Charles Ryan: So you can have a positive collateral damage.
Oliver Sartor: Absolutely.
Charles Ryan: But, we know we've... You and I have spoken many times about radium and samarium and radioisotopes. You've been studying this space for a long time. What should we be concerned about, if anything, with regards to that beta issue and the 617, the lutetium I should say, and toxicity in the marrow. What do we know? What are we expecting to see from the study?
Oliver Sartor: Yeah, so there's a little bit of toxicity in an unexpected place, and that's the salivary glands. For reasons that aren't completely clear there's PSMA uptake in the salivary glands, and you can get some dry mouth. And typically it's not too bad. It's excreted in the kidney as a small molecule with some uptake, but it turns out that so far the kidney has not been a dose-limiting organ.
If you end up with a high volume, like a super scan on the bone, you know there's more susceptibility to marrow damage. But the typical patient who may have, say, 8 to 20 lesions is not really that susceptible to-
Charles Ryan: And is the dose based on the number of lesions or?

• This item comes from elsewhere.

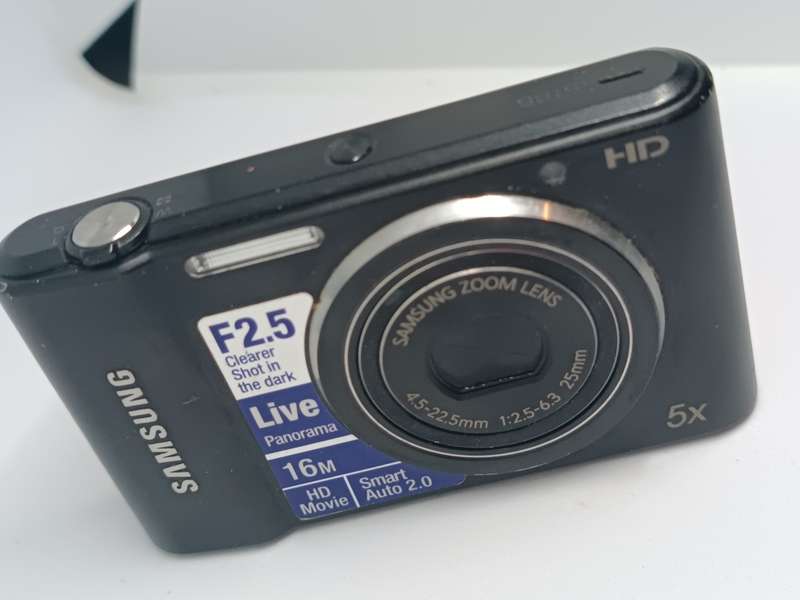 Samsung ST66 - 16MP - 5x Zoom - Digital Camera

Oliver Sartor: No, the dose is based on the kilograms and there are those who would argue that that's not optimal by the way, and that they ought to be doing sort of a dissymmetry approach. But the logistics of dissymmetry are quite complex and then you actually don't know what you're going to give the patient until you've already given it to the patient and measured the distribution. So it's a fixed dose and currently, there are four scheduled doses and if there's clinical benefit and the clinician who's administering the drug believes that there would be two additional cycles would provide more benefit, you can do that too.
Charles Ryan: So it's every four weeks at four...

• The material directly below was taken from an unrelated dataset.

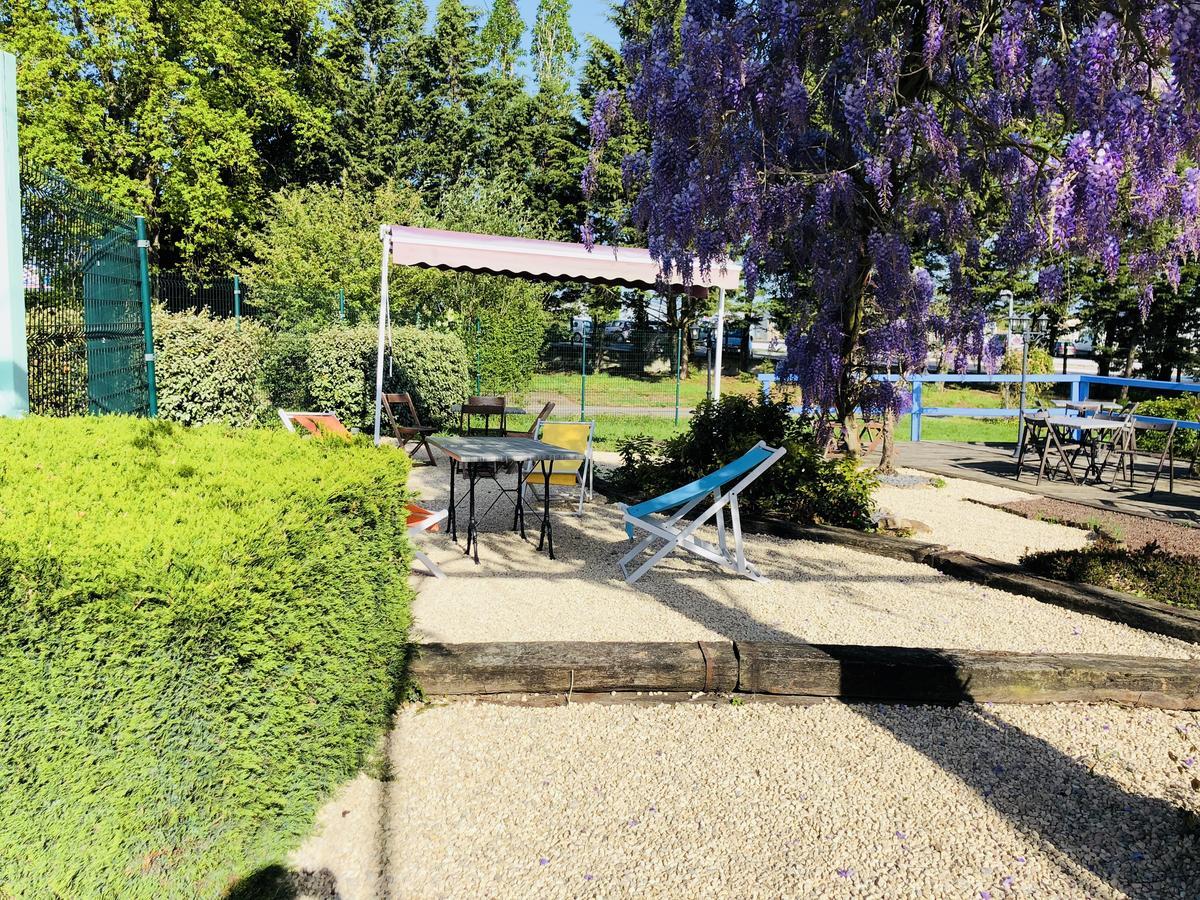 Hotel Au Relais Des Lilas Parthenay Exterior foto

Oliver Sartor: No, no, it's every six weeks.
Charles Ryan: Sorry, every six weeks. Okay.
Oliver Sartor: Yeah, yeah. It's every six weeks. Four cycles with two additional cycles being optional.

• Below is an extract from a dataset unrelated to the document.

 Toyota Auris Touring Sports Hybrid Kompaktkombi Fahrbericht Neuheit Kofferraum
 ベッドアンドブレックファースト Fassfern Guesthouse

Charles Ryan: Okay, okay. So for those who are familiar with radium, it's not that dissimilar in terms of how it's being given. It's a nuclear medicine every six weeks.
Oliver Sartor: Yeah, intravenous infusion. Short-
Charles Ryan: discreet number of cycles, that kind of thing.
Oliver Sartor: Yep.
Charles Ryan: Okay. Very good. And one key differentiator with the VISION trial, this is not really a study based on the presence or absence of pain as the radium was, is that correct?
Oliver Sartor: Correct. It doesn't specify as symptomatic. The specifications for the prior treatments that I mentioned. Some evidence of progression after those prior treatments and then there has to be uptake on the PSMA scan.
Charles Ryan: Right, and just to make sure... Just to contrast it with radium again, is that that was a bone-targeted therapy for the most part, for the whole part I should say. But in lutetium we are, we can target visceral disease, we can target nodal disease. It's just about the PSMA expression-
Oliver Sartor: Wherever the PSMA expression is present, you can target. It does very, very well in nodal disease. A little bit of preliminary data that visceral disease spike in the liver may not be quite as responsive, but of course, when is liver disease more responsive? So those are always bad factors.
Charles Ryan: Right. Well, it's an exciting new agent and it's great to see a Phase III trial with all of the benefits that that can bring near the completion of accrual, and we'll look forward to hearing that data from you and your colleagues on the study in the coming years. So congratulations again. Great talking to you.
Oliver Sartor: Thank you. Thanks, Chuck.